DESCRIPTION OF THE TASK:
Print exactly and only the lines that run from the one containing "Glowing blue light" through the end of the material, please, omitting pictures.

DATASET SECTION:
========================================

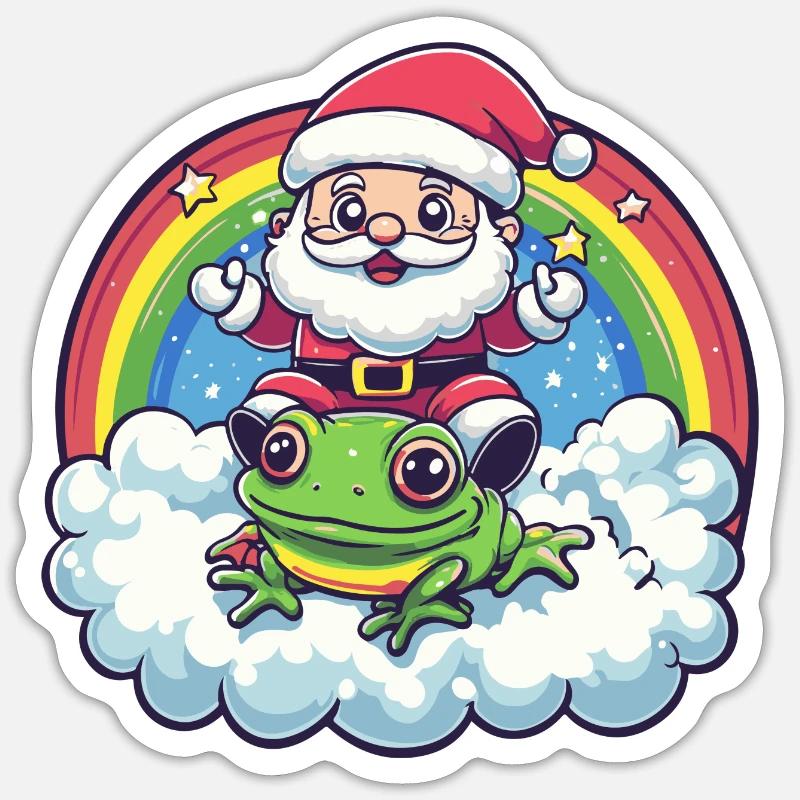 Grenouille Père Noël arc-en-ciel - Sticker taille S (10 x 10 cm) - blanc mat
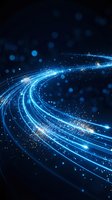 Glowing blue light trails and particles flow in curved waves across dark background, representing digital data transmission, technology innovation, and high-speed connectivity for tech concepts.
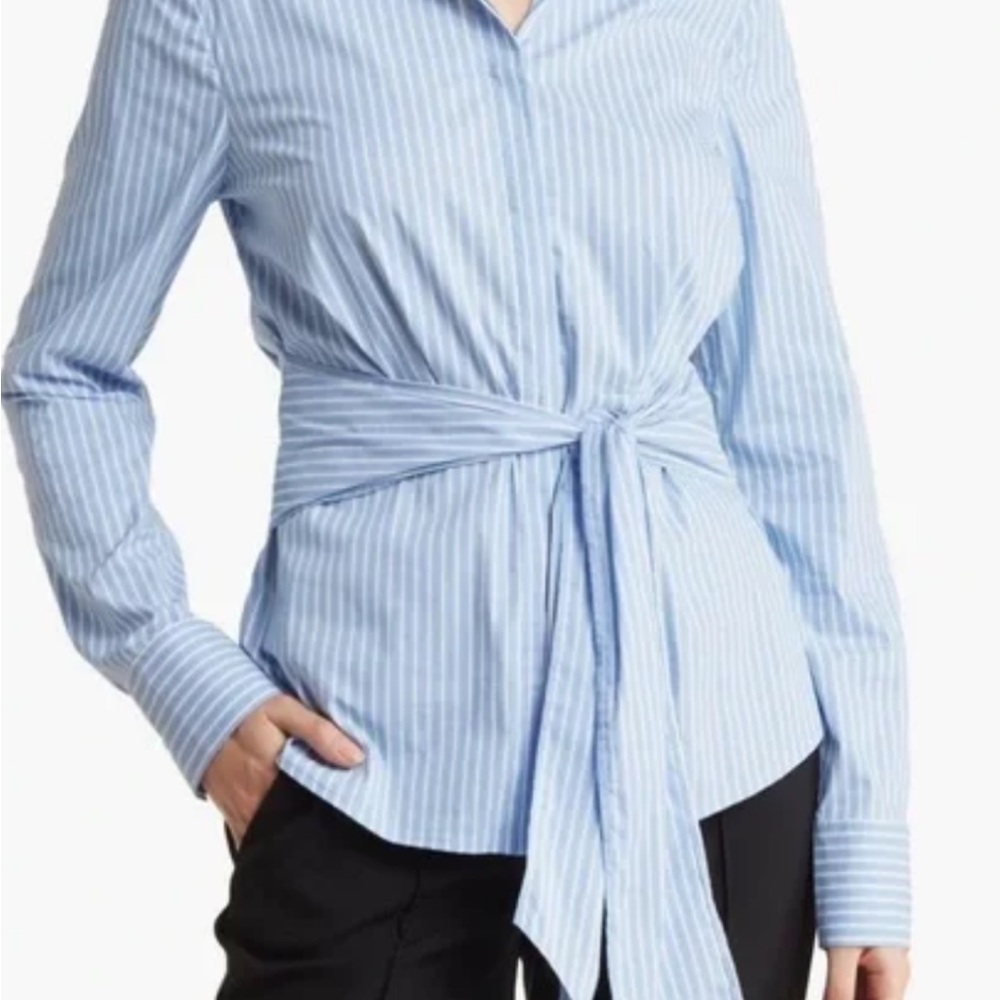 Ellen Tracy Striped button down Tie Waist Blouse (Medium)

========================================

SOLVED EXERCISE:
 Glowing blue light trails and particles flow in curved waves across dark background, representing digital data transmission, technology innovation, and high-speed connectivity for tech concepts.
 Ellen Tracy Striped button down Tie Waist Blouse (Medium)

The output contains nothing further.